Em resumo: o governo pode (ou até, talvez, deva) subsidiar moradias populares. Afinal, nossos impostos devem servir para distribuir renda. Isso é uma coisa. Outra coisa é esperar que esse tipo de iniciativa vá “aquecer a economia”. Não vai. Pelo contrário. O aumento da carga tributária ou da dívida pública para financiar esse tipo de iniciativa fará com que, no final, a economia se desacelere, como vimos nos últimos anos do PT. Não há mágica. Se investimentos públicos a fundo perdido fizessem a economia crescer, teríamos inventado o moto-perpétuo. E esse mecanismo mágico, meu caro Boulos, infelizmente, não existe.

Mentiras sinceras não me interessam

Pela primeira vez leio que o racional por trás do pedido de “waiver” para furar o teto de gastos é manter, em 2023, despesas no mesmo percentual do PIB de 2022. Ou seja, 19% do PIB.
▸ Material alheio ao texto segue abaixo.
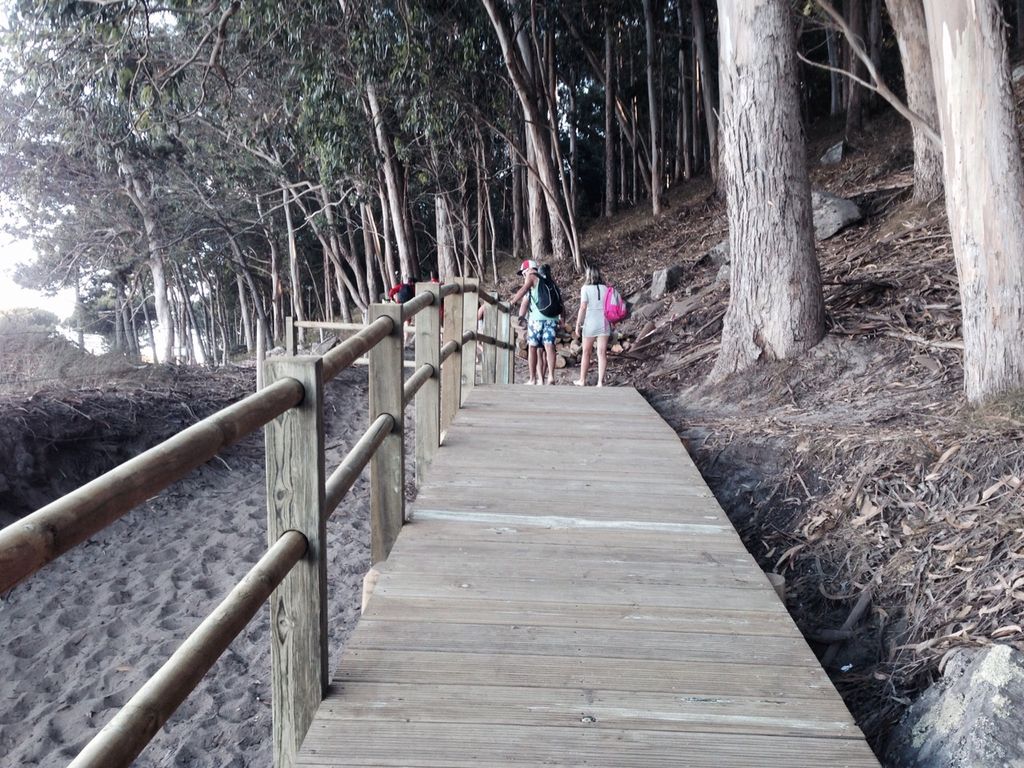 Rampa de acceso a la playa de Filgueira en Cies (T.M. de Vigo). Después de las obras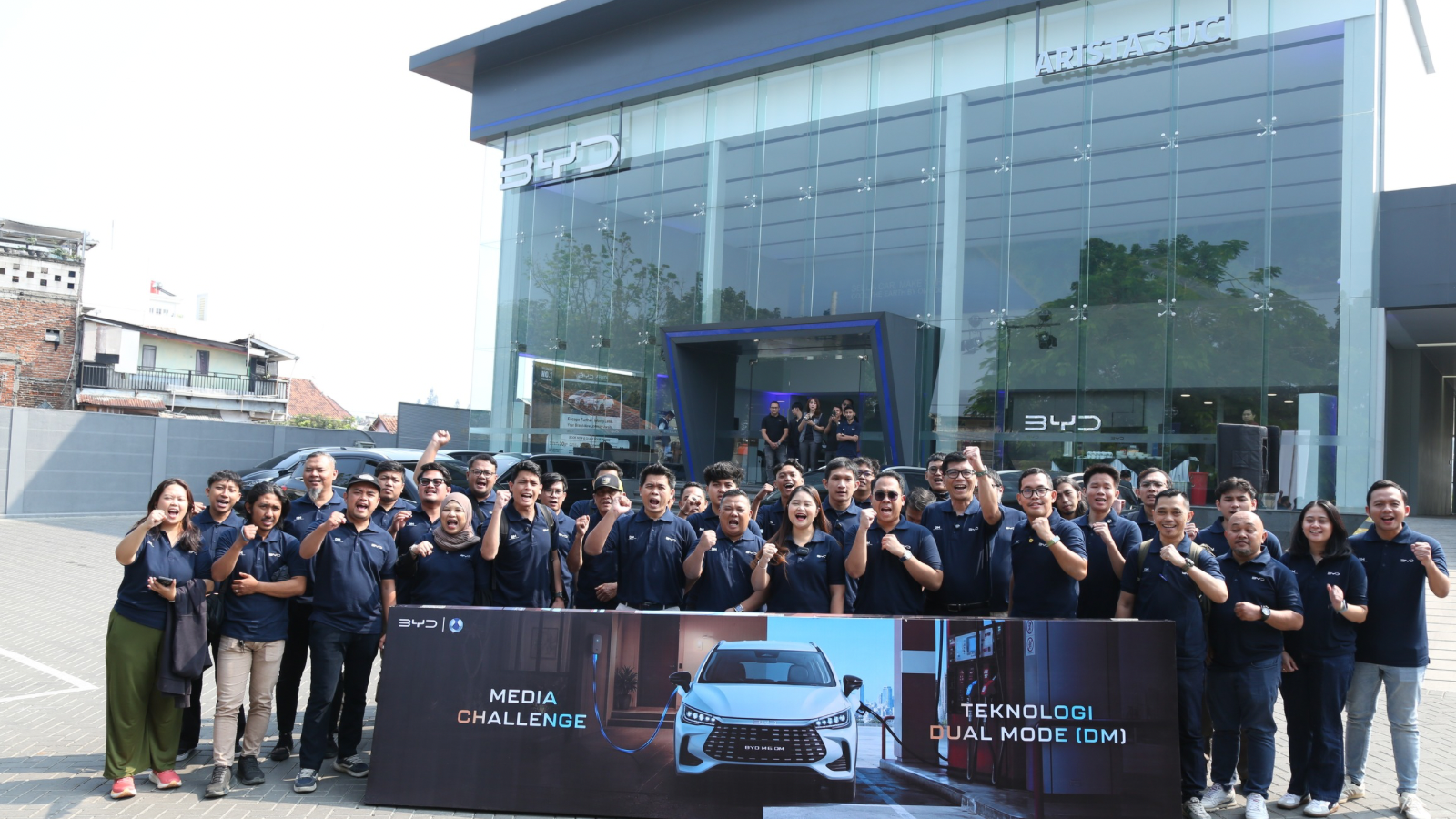 BYD M6 DM melintasi rute Bandung menuju Purwakarta, Ciater, dan Lembang dalam Media Challenge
O mercado compraria de olhos fechados uma regra como essa. Em todo ano, daqui para frente, faça chuva ou faça sol, o governo só vai gastar 19% do PIB. O único detalhe é que trata-se de uma regra horrivelmente pró-cíclica, e sua credibilidade é próxima de zero. Explico.

Tudo funciona bem quando o PIB está crescendo. Neste caso, as despesas aumentam junto com o PIB e todo mundo fica feliz. O problema será quando a economia entrar em uma recessão. Neste caso, as despesas precisarão diminuir, justamente em um momento em que a sociedade brasileira estará clamando por ajuda do governo para sair do buraco. Esta é a característica pró-cíclica da regra: as despesas aumentam com a expansão do PIB e diminuem com a sua retração. Qual a chance disso acontecer?

(A regra do teto é o justo oposto: como o limite não acompanha as variações do PIB, quando há expansão a relação despesas/PIB diminui, e quando há retração, a relação dívida/PIB aumenta. Trata-se de uma regra anti-cíclica, como deve ser.)

A escolha de um percentual do PIB como regra para os gastos é meramente oportunista, assim como foi, no governo Bolsonaro, a mudança do critério de cálculo da inflação para calcular o limite do teto. A regra que vale, a cada momento, é aquela que permite maximizar os gastos. A existência de uma regra, qualquer que seja, permite que todos desfilem em Brasília como defensores da austeridade fiscal, enquanto, de verdade, não estão nem aí para o problema. Neste aspecto, não deixa de ser notável o discurso de Lula, dando uma banana para a disciplina fiscal. Pelo menos foi sincero.

Ninguém mexe no queijo de ninguém

O Estado brasileiro é uma máquina de concentração de renda. Por trás das discussões sobre o pagamento do Auxílio Brasil, encontra-se uma miríade de interesses privados, dos quais três exemplos estão nas notinhas abaixo.

Qualquer regra fiscal sempre baterá de frente com as demandas infinitas de lobbies e corporações, sempre dispostos a defender com unhas e dentes suas causas justas. Agora ainda mais, em uma república formada por sindicalistas e desenvolvimentistas.

Isso sem falar, claro, mas cláusulas pétreas da Constituição cidadã, que impede uma gestão de pessoas minimamente racional e que protege os mais abastados com regras generosas de previdência.

O teto de gastos é apenas o bode expiatório perfeito para se culpar pela “falta de recursos para pagar o auxílio para os pobres”. Enquanto isso, ninguém mexe no queijo de ninguém.